New Delhi: The sun, they say, is the driving force of all life on Earth. But, is it? Scientists have found something that defies this theory.
Researchers from the European Space Agency's Herschel Space Observatory, have discovered that starlight, and not the sun, plays a pivotal role in creating the fundamental substances essential for life.
Life exists in a myriad of wondrous forms, but if you break any organism down to its most basic parts, it’s all the same stuff — carbon atoms connected to hydrogen, oxygen, nitrogen and other elements.
Ultraviolet light from stars drives the formation of chemicals that are precursors to chemicals that we need to make life.

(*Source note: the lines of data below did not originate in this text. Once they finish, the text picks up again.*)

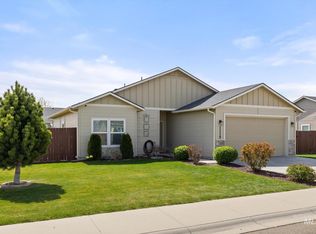 1115 Bushnell Ave, Wilder, ID 83676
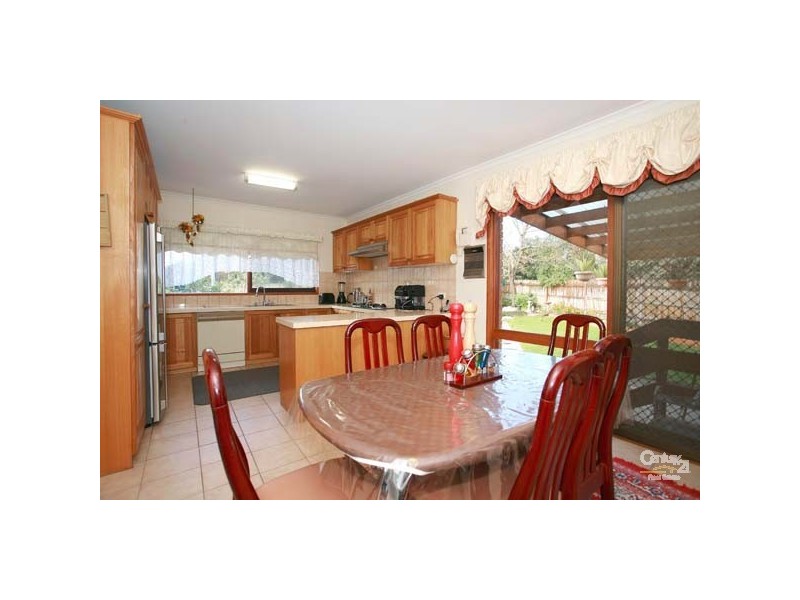 5 Antrim Close, Endeavour Hills VIC 3802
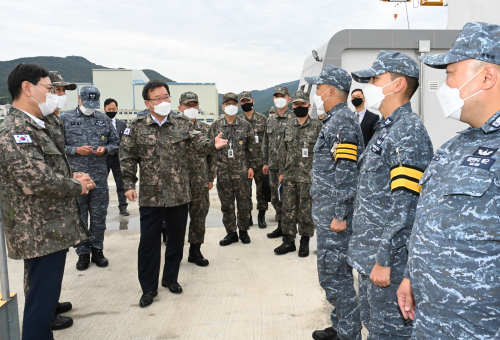  PM visits submarine command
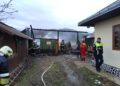 Detalii despre incendiul izbucnit la grajdul unei gospodării din Poiana Mărului. Incendiul a pornit de la un banal scurtcircuit cablul de iluminat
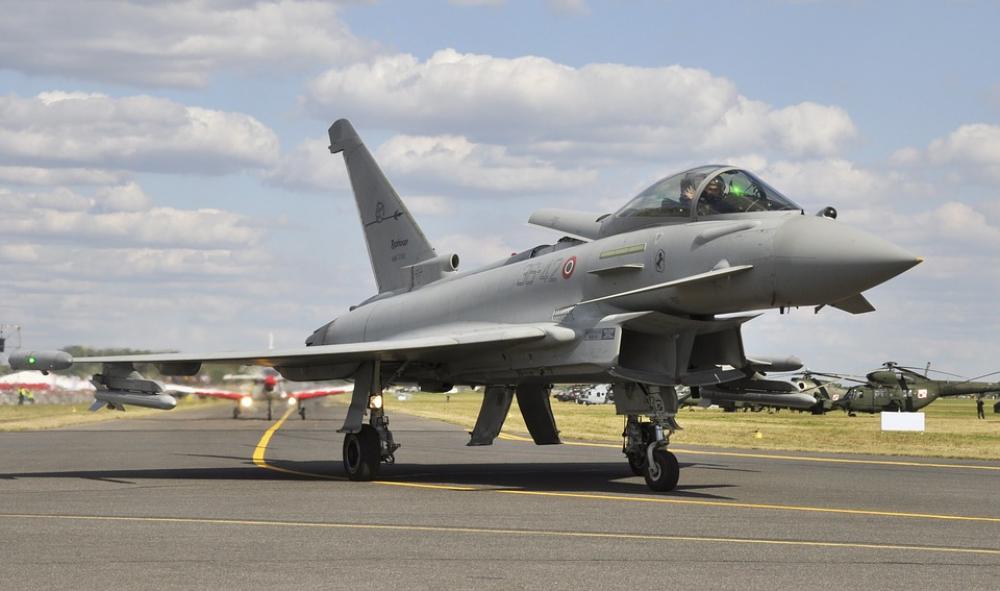 The Plane Eurofighter Ef2000 Shows Airshow Landing The Plane Eurofighter Ef2000 Shows Airshow Landing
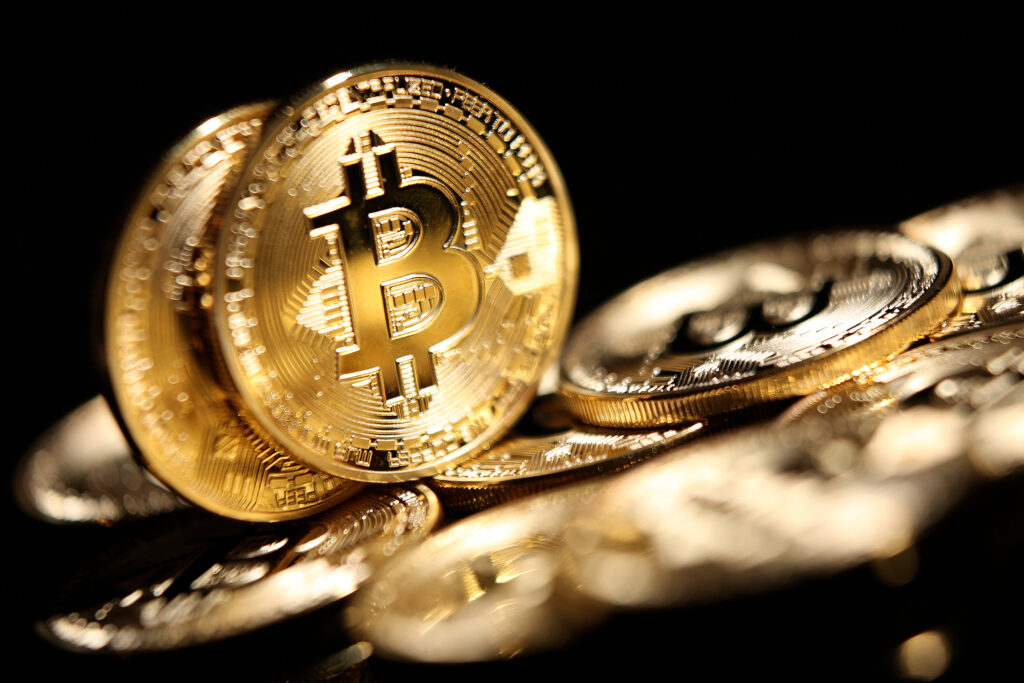 eToro România: Prețul Bitcoin dă semne de scădere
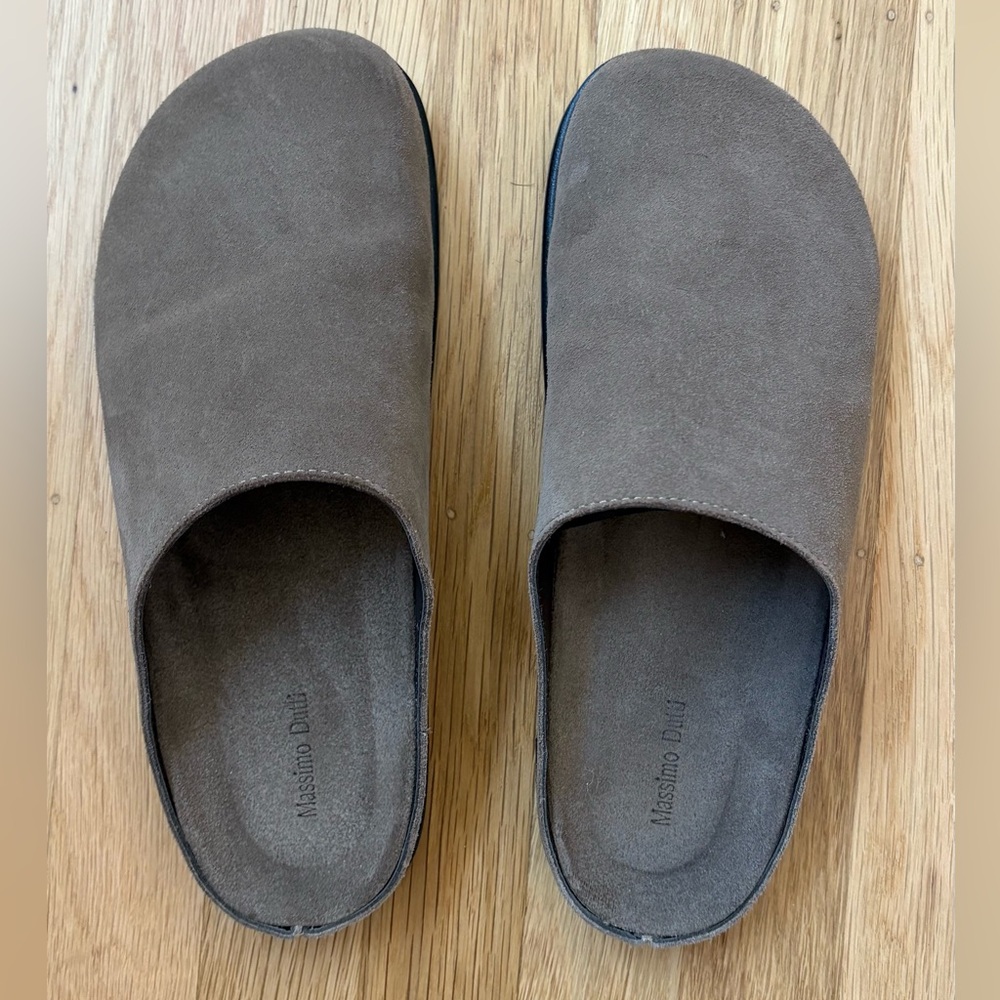 Massimo Dutti split leather clogs in mink suede size EU 40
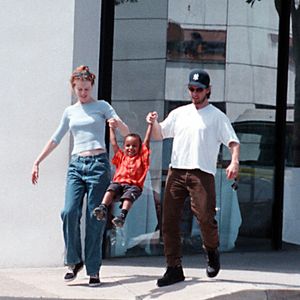 Une rare photo de Tom Cruise et Nicole Kidman s'embrassant et jouant avec leur fils adoptif alors qu'ils se promènent dans le quartier commerçant branché de Montana à Santa Monica. 15 Juillet 1988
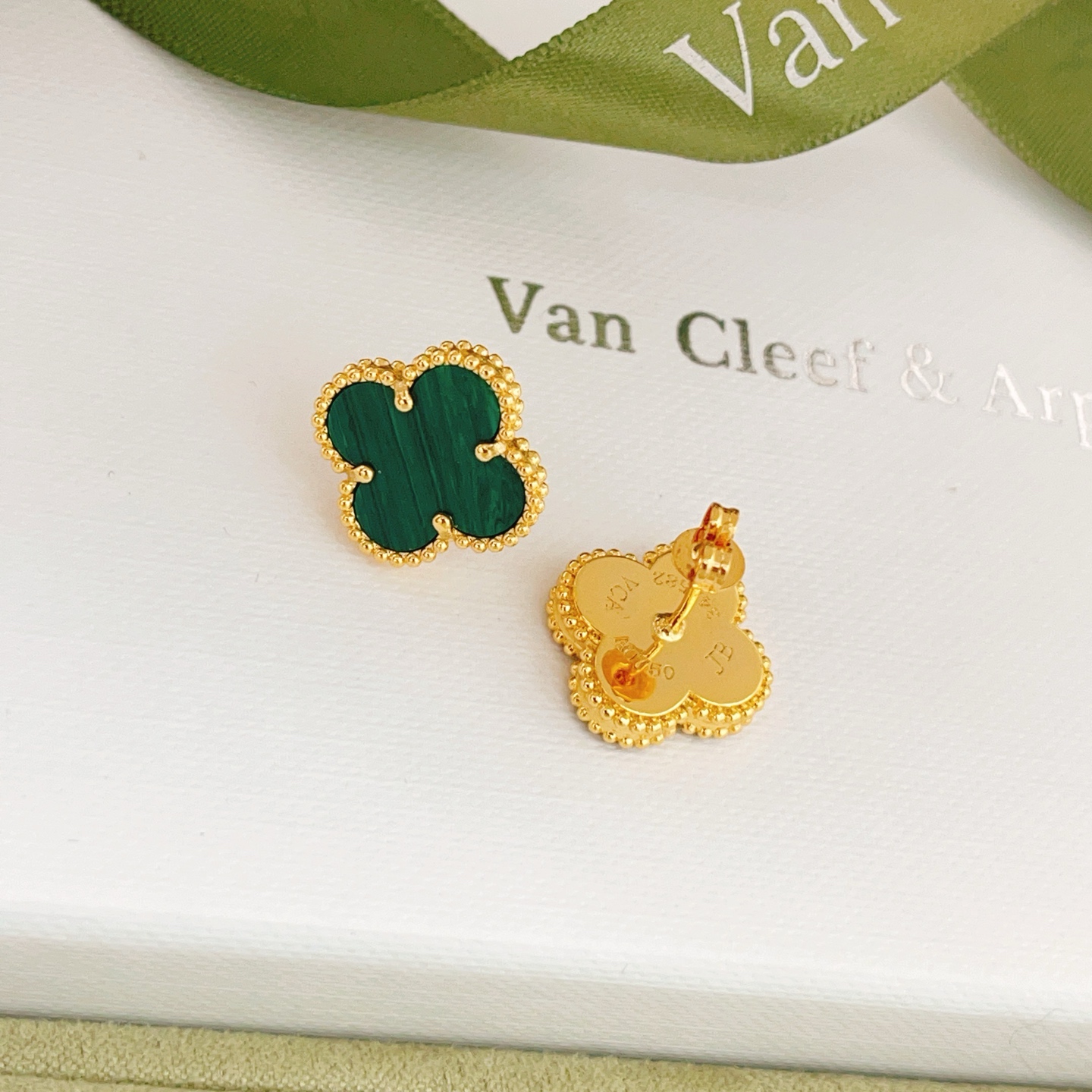 Van Cleef Arpels Vintage Alhambra earrings yellow gold with green malachite 15mm motif diameter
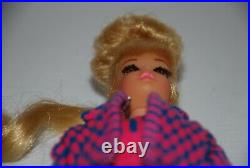 Vintage Blonde Growing Pretty Hair Francie Doll In The Combo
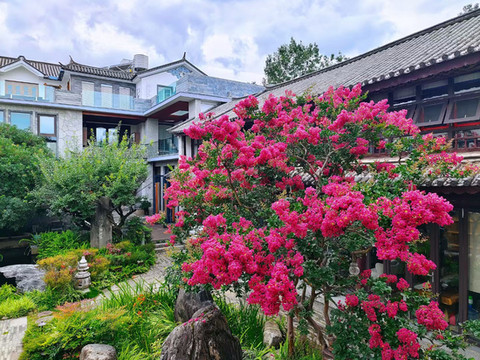 栖隐漫间隐奢度假酒店(大理古城南门店)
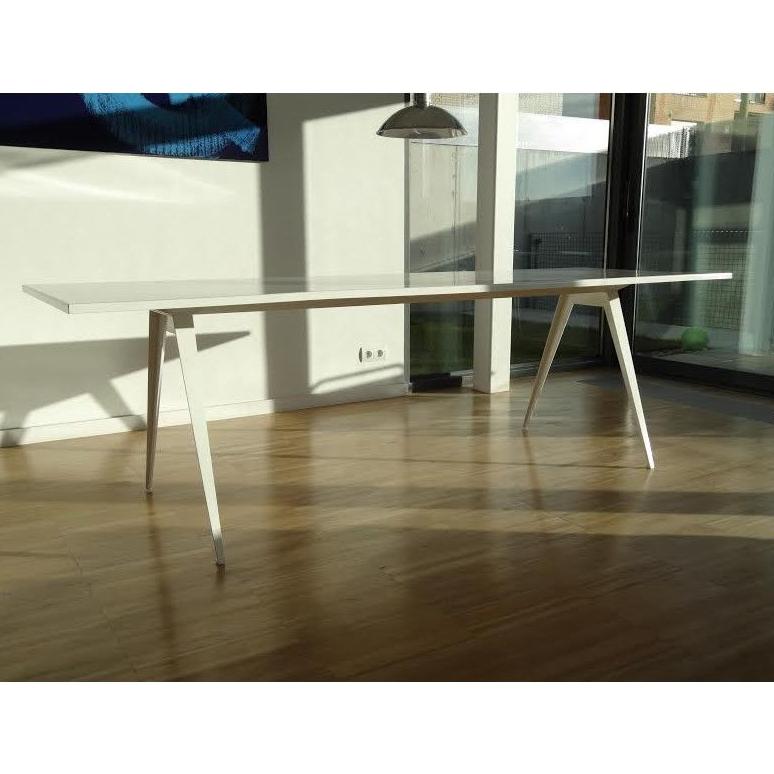 Mesa Hollega: Servicios y Productos de Cerrajería Avelino Izquierdo, S.L. Mesa Hollega: Servicios y Productos de Cerrajería Avelino Izquierdo, S.L.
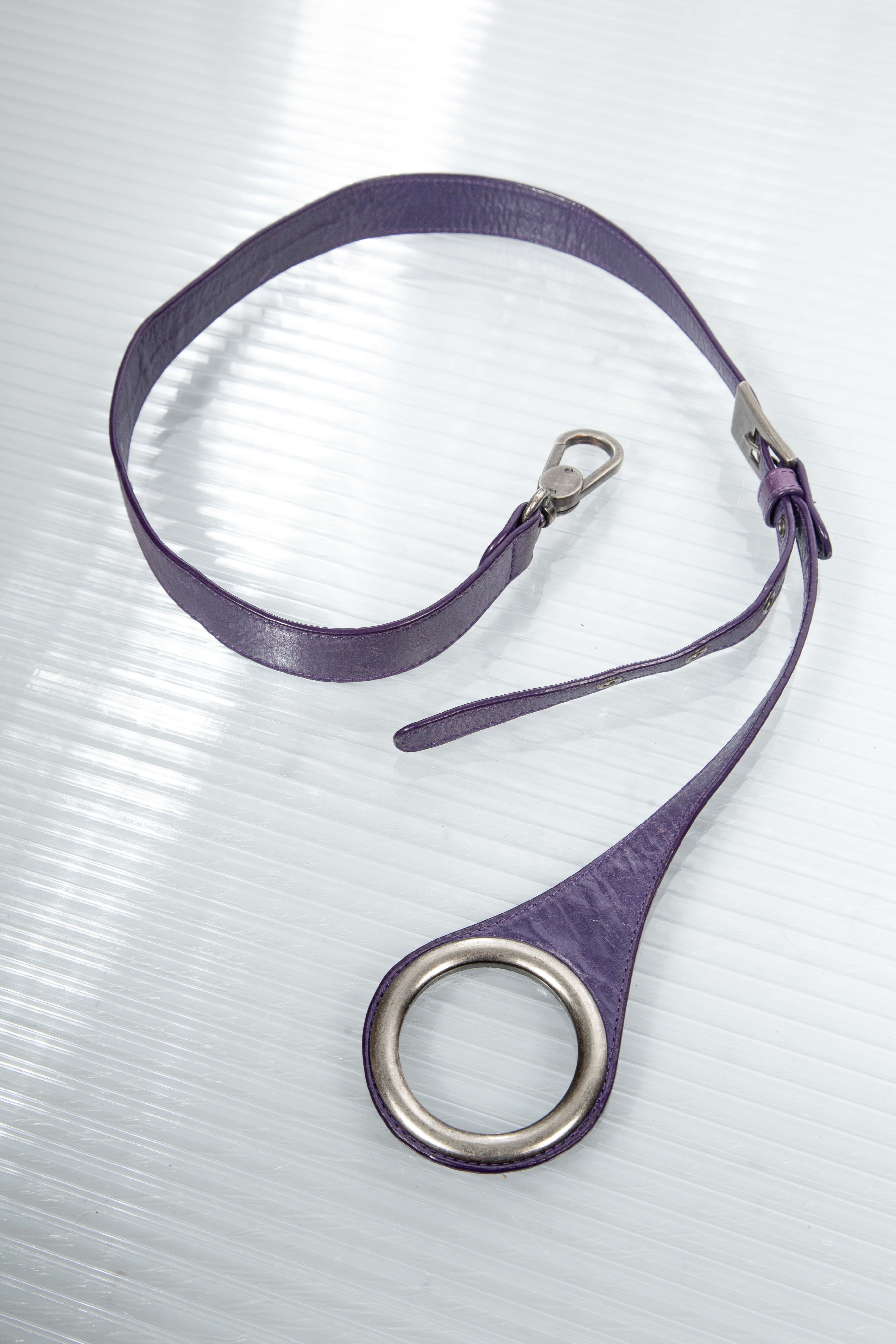 PURPLE LOOP BUCKLED LEATHER BELT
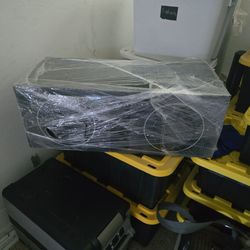 Speaker box and amplifier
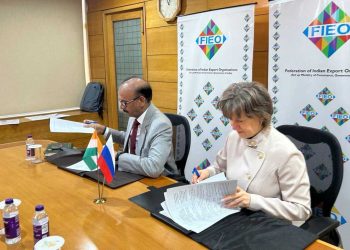 روسيا والهند توقعان مذكرة لتعزيز التعاون الصناعي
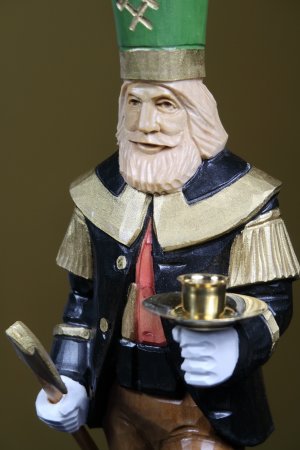 Holzfigur Bergmann klein (Riesengebirge), handgeschnitzt und handbemalt aus Lindenholz, 34cm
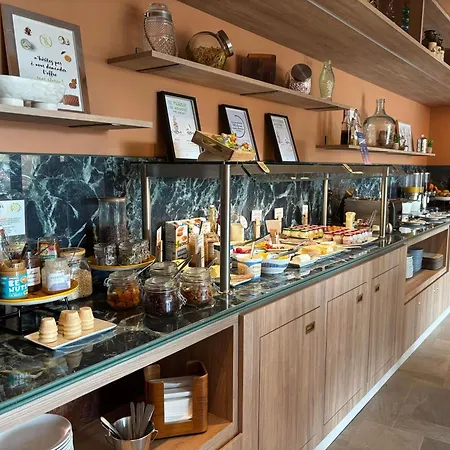 Novotel Normandie Отель 4*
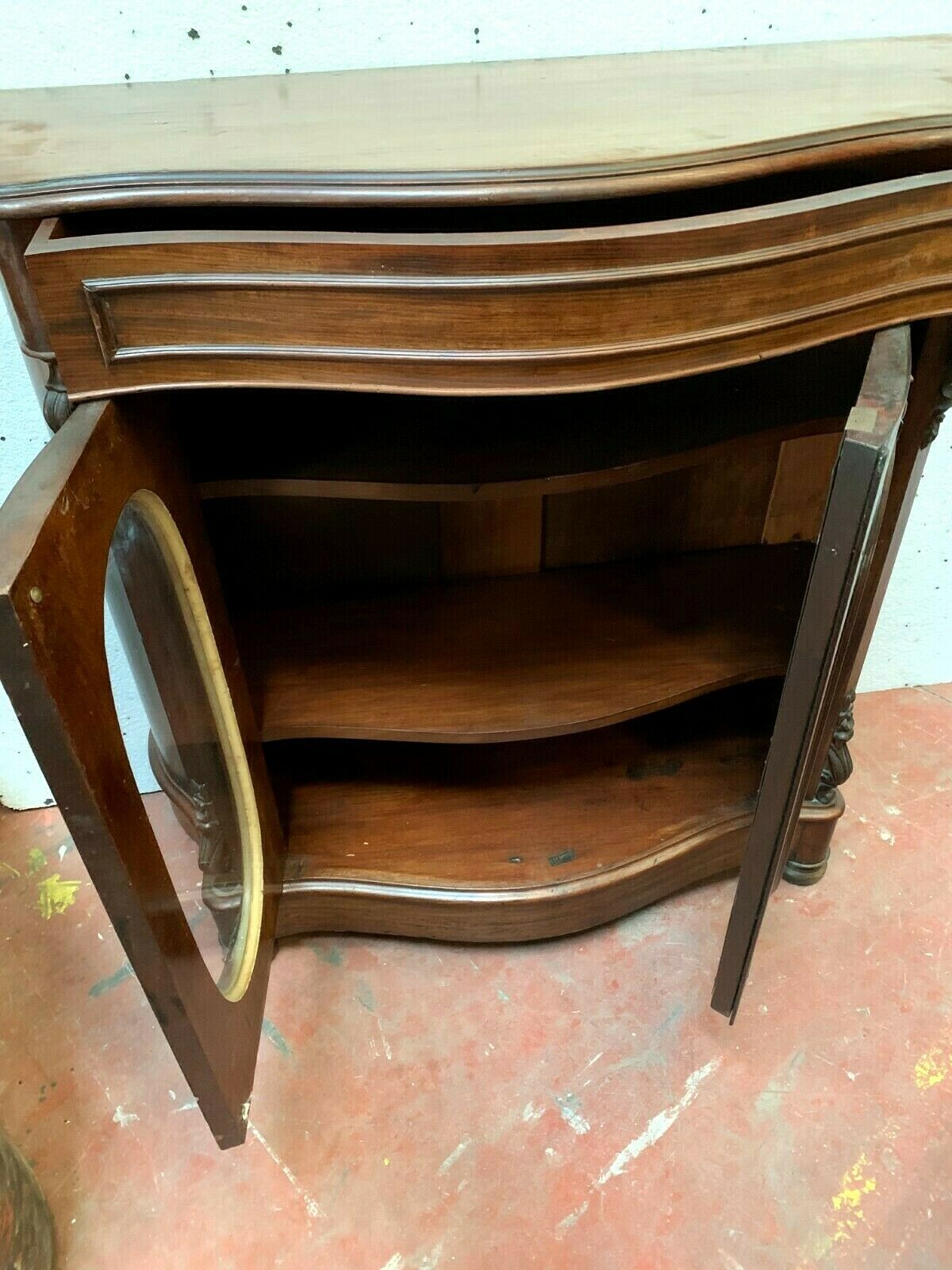Vitrine galbée Louis Philippe en acajou XIX siècle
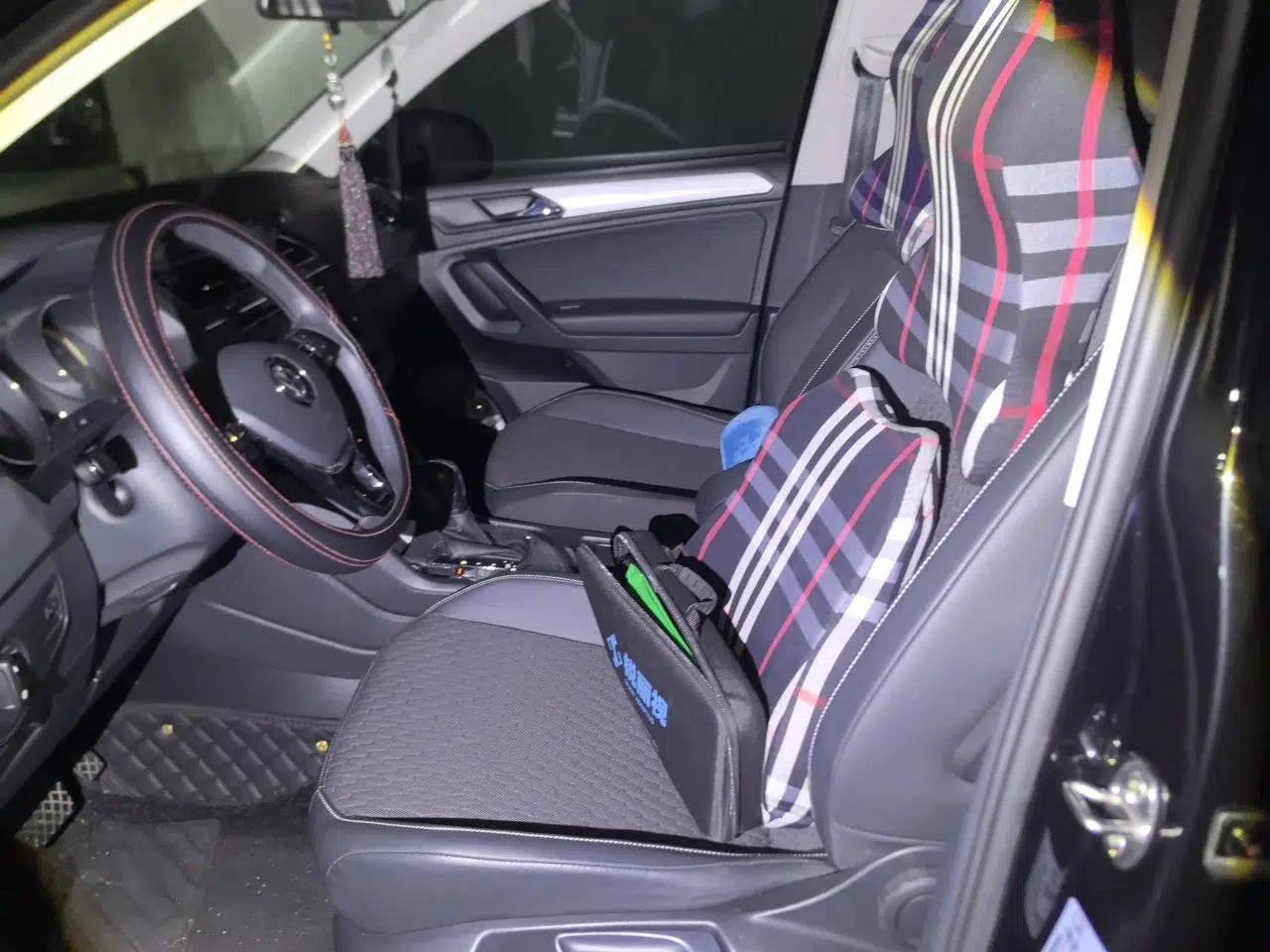 Volkswagen Tiguan L 2020 330TSI Automatic Two-Wheel Drive Luxury Edition China VI Standard — миниатюра 15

One of the leading theories about the origins of basic hydrocarbons has been that they formed in “shock,” events that create a lot of turbulence, such as exploding supernovae or young stars spitting out material.
For the study, the scientists studied the ingredients of carbon chemistry in the Orion Nebula, the closest star-forming region to Earth that forms massive stars.
They mapped the amount, temperature and motions of the carbon-hydrogen molecule (CH, or “methylidyne” to chemists), the carbon-hydrogen positive ion (CH+) and their parent — the carbon ion (C+). An ion is an atom or molecule with an imbalance of protons and electrons, resulting in a net charge.
Combining data from the European Space Agency’s Herschel Space Observatory with models of molecular formation, the scientists found that ultraviolet light is the best explanation for how hydrocarbons form in the Orion Nebula.